┌──
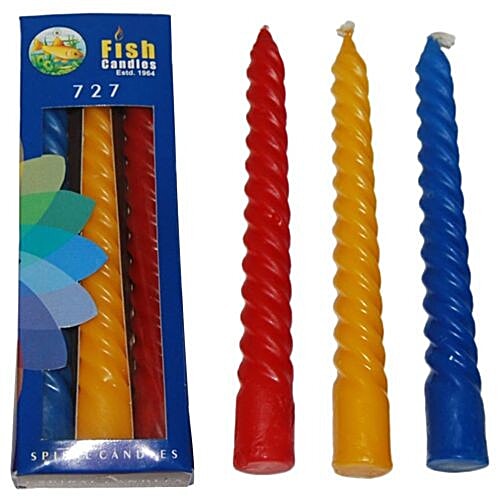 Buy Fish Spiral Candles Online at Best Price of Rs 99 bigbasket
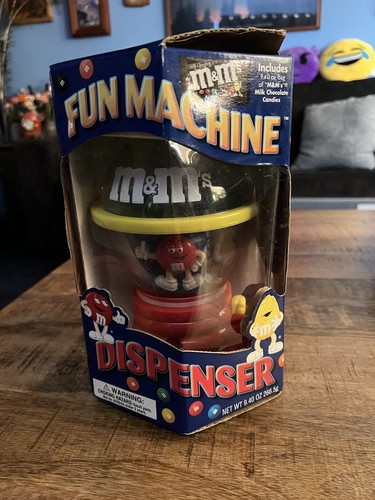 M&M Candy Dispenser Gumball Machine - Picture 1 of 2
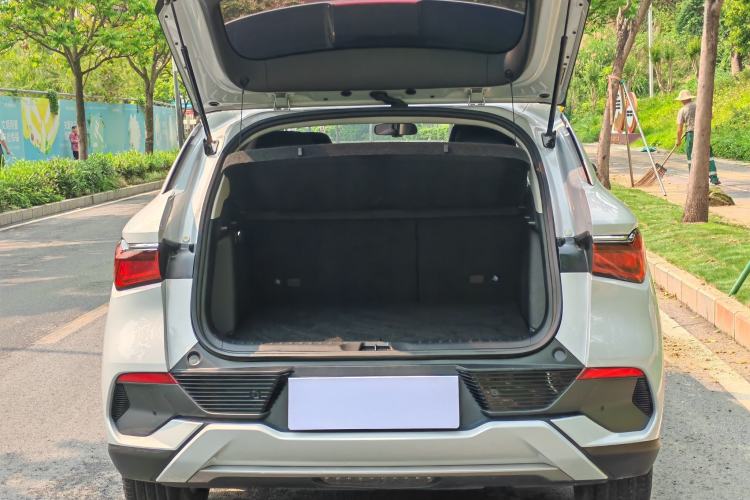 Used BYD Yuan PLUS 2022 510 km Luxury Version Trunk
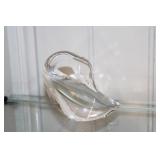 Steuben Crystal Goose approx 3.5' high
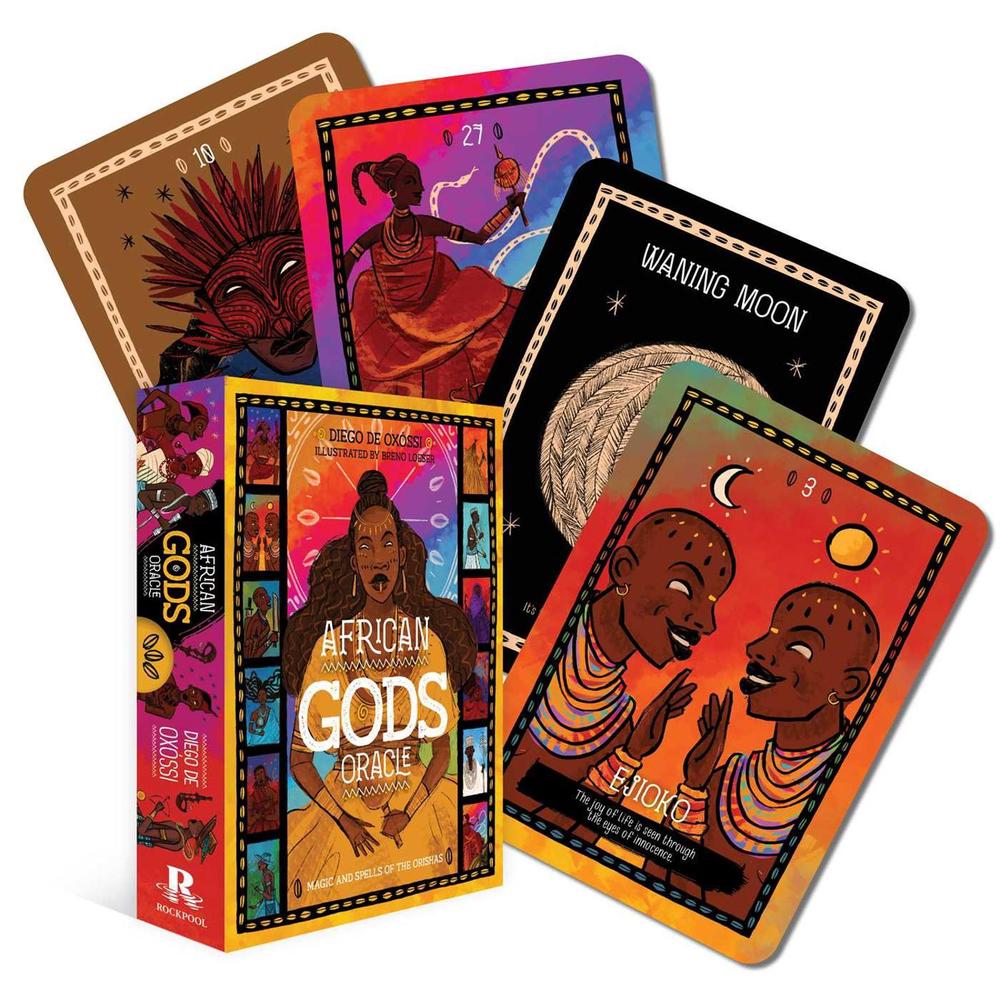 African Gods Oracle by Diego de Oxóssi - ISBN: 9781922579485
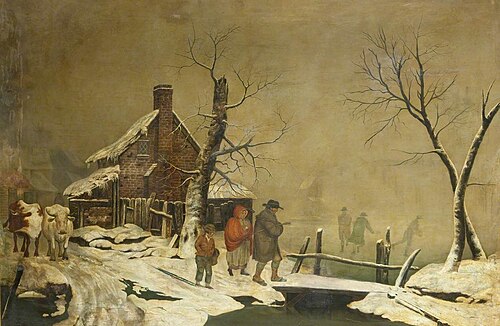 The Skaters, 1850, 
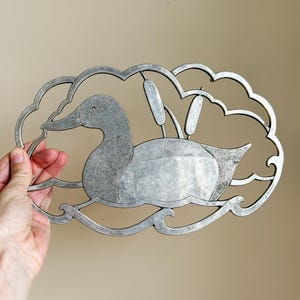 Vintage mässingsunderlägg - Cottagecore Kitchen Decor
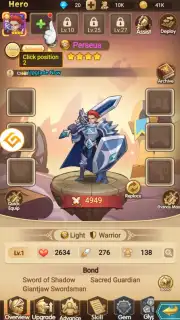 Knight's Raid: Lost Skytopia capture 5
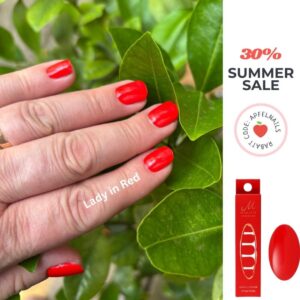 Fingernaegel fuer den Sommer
└──
What you give back must be exactly the lines of the listing above from the line containing "African Gods Oracle" through its last line, inclusive, without pictures, please.

 African Gods Oracle by Diego de Oxóssi - ISBN: 9781922579485
 The Skaters, 1850, 
 Vintage mässingsunderlägg - Cottagecore Kitchen Decor
 Knight's Raid: Lost Skytopia capture 5
 Fingernaegel fuer den Sommer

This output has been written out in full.